DATA →
"""

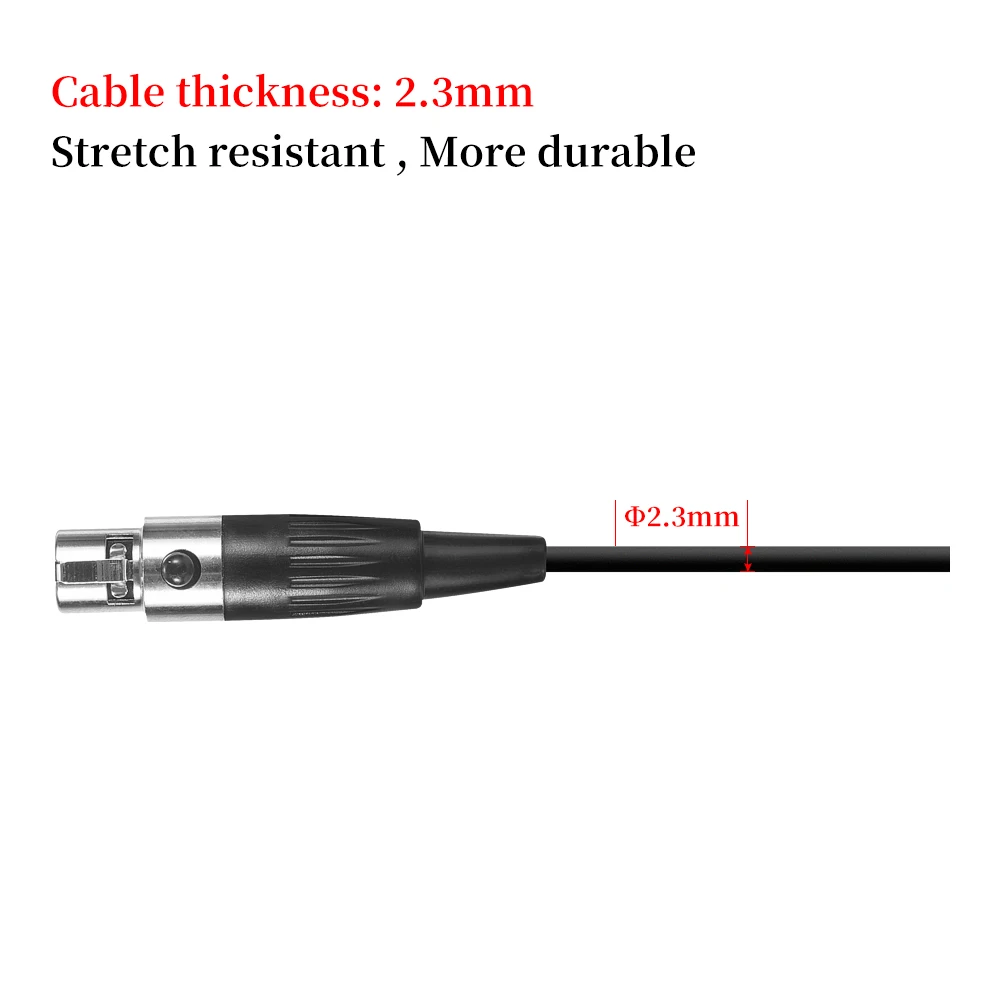 Iiimymic Profissional Preto Fone de Ouvido Microfone Pinos Xlr Ta4f Headworned Microfone Duplo Gancho da Orelha para Shure Sistema Bodypack sem Fio - Image 5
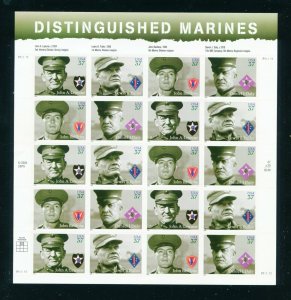 3965 Distinguished Marines Stamp Sheet of 20 37¢ Stamps MNH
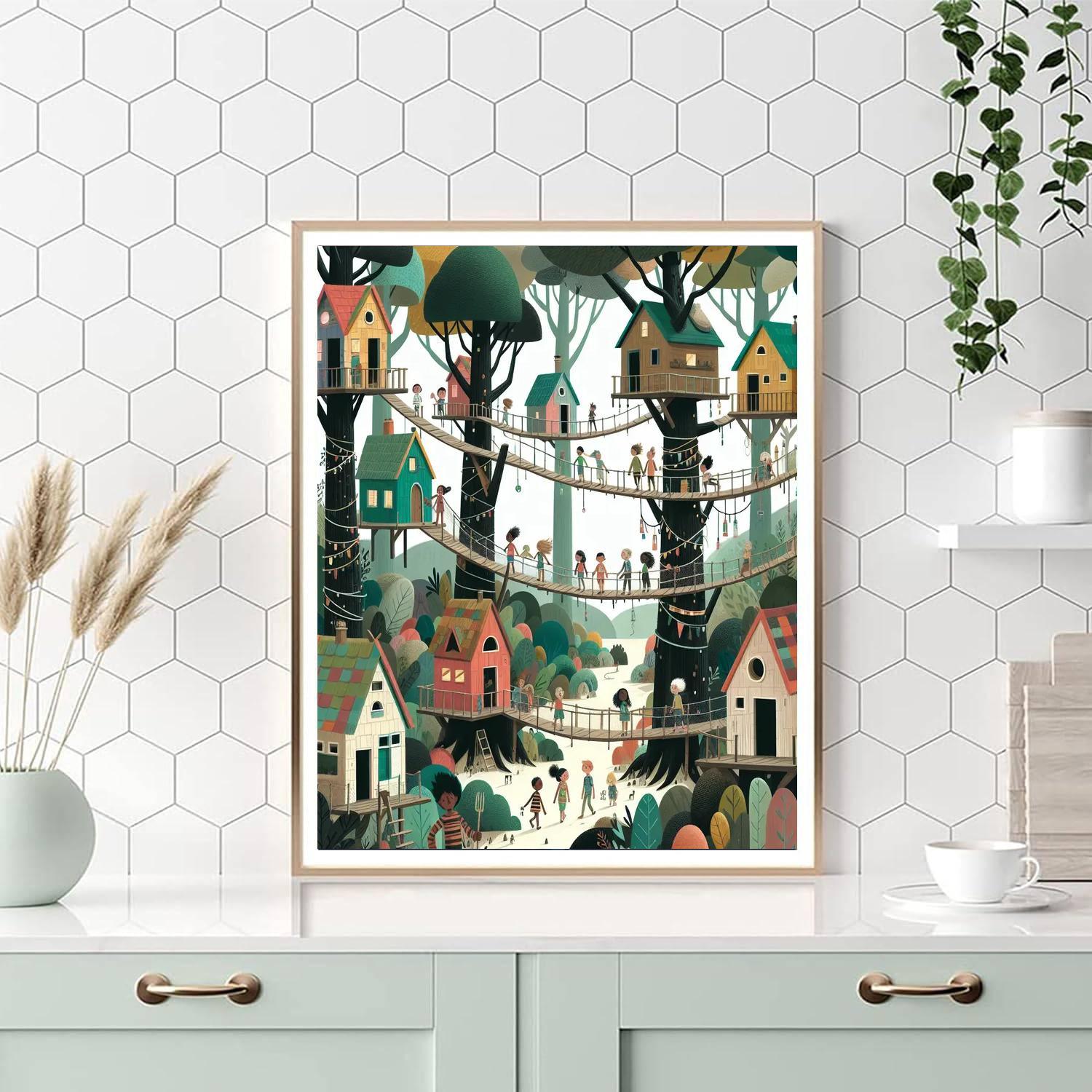 Mystical Treehouse Village Paint By Color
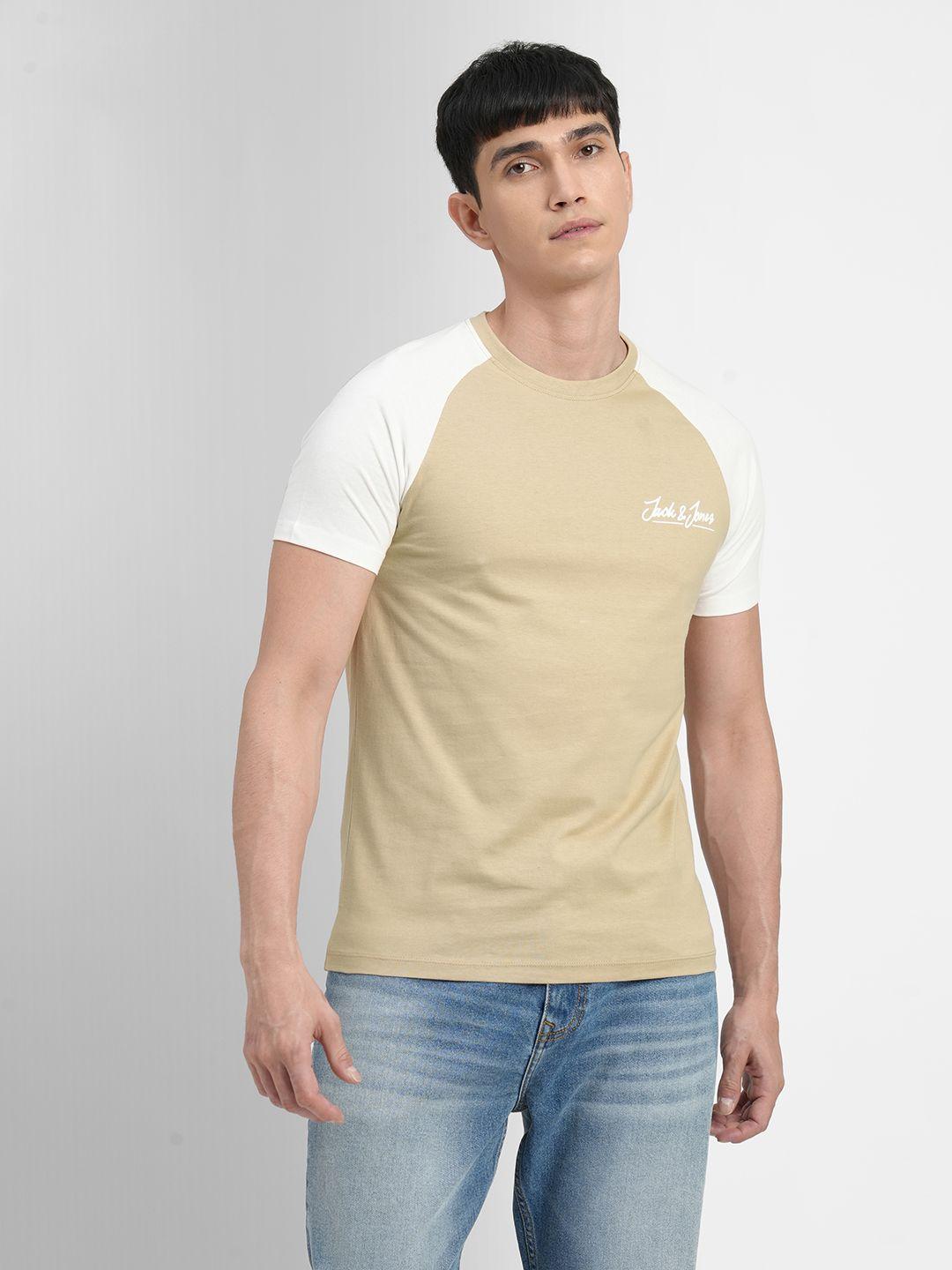 jack & jones men white & beige colourblocked slim fit pure cotton t-shirt
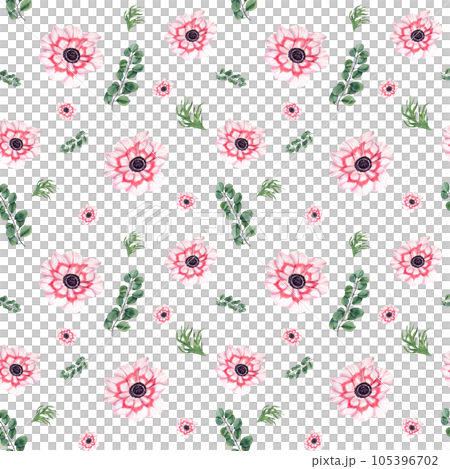 Watercolor seamless pattern of anemones with eucalyptus isolated on white background. Illustration for create textile design, scrapbooking, packaging, poster, cover, prints 105396702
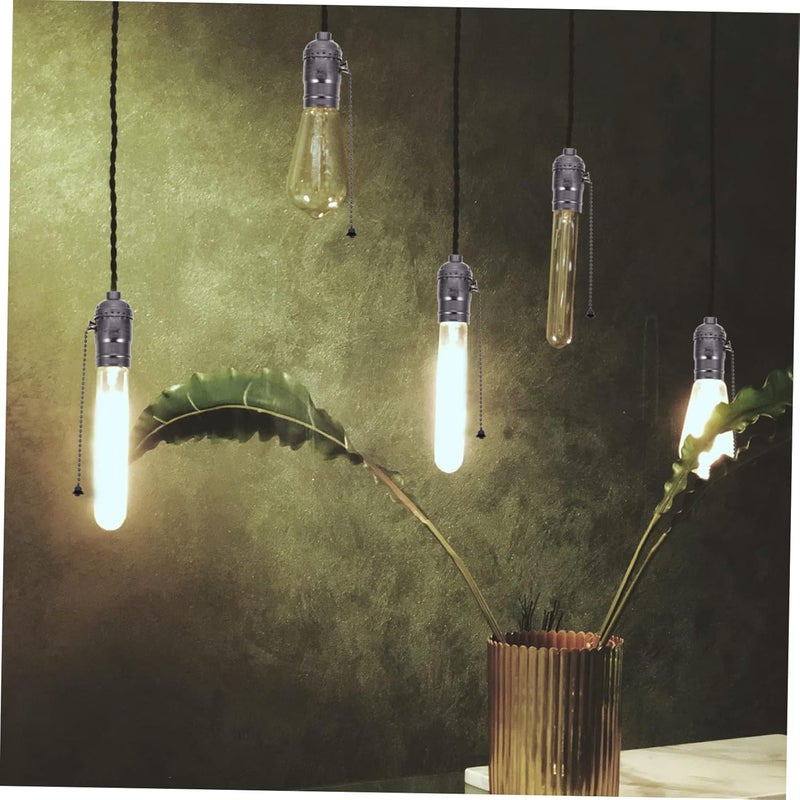 Retro Aluminum Lamp Holder With Pull Switch For DIY Lighting Homes Offices - Image 5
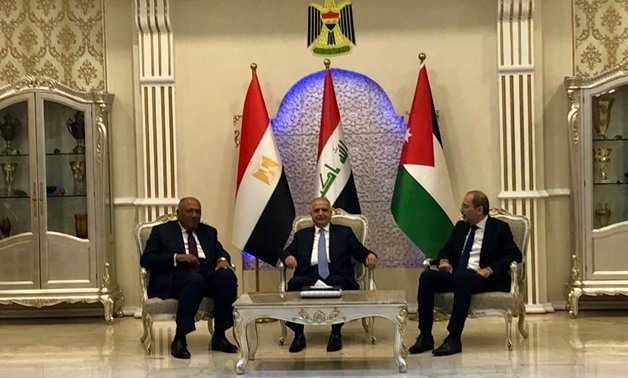 The Foreign ministers of Egypt, Iraq and Jordan stressed the importance of drying up the sources of terrorist funding during their tripartite meeting held in Baghdad, Iraq on July 4 - Press Photo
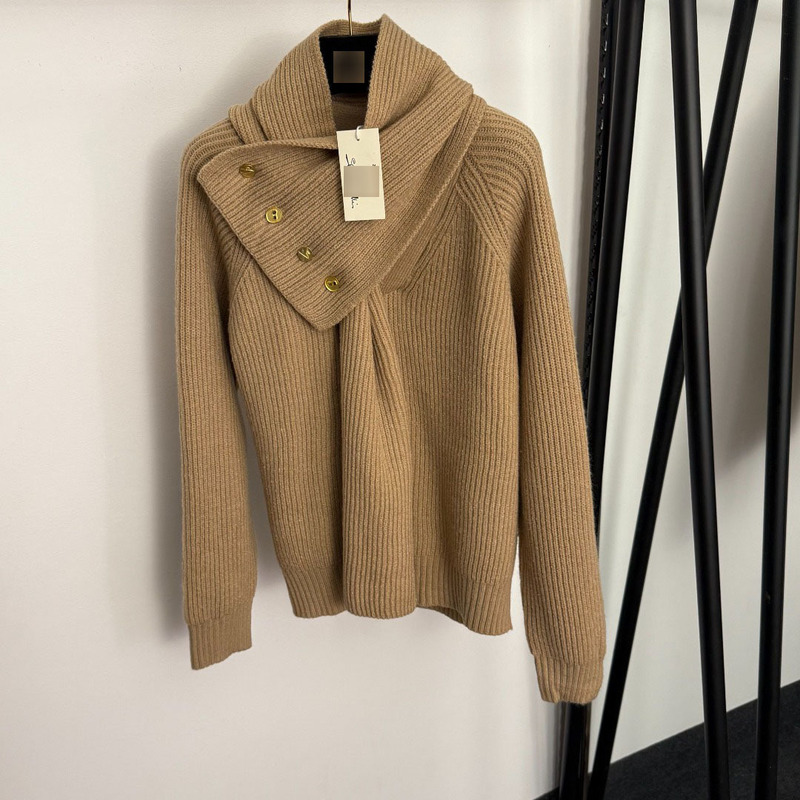 2025 Cross-Border Hot-Selling Autumn and Winter New Popular Keyhole Gold Button Detachable Scarf Long-Sleeved Knitwear Sweater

"""

Only the lines from the one containing "Retro Aluminum Lamp" through the final line of the material should appear in the answer, copied exactly and without any picture.

 Retro Aluminum Lamp Holder With Pull Switch For DIY Lighting Homes Offices - Image 5
 The Foreign ministers of Egypt, Iraq and Jordan stressed the importance of drying up the sources of terrorist funding during their tripartite meeting held in Baghdad, Iraq on July 4 - Press Photo
 2025 Cross-Border Hot-Selling Autumn and Winter New Popular Keyhole Gold Button Detachable Scarf Long-Sleeved Knitwear Sweater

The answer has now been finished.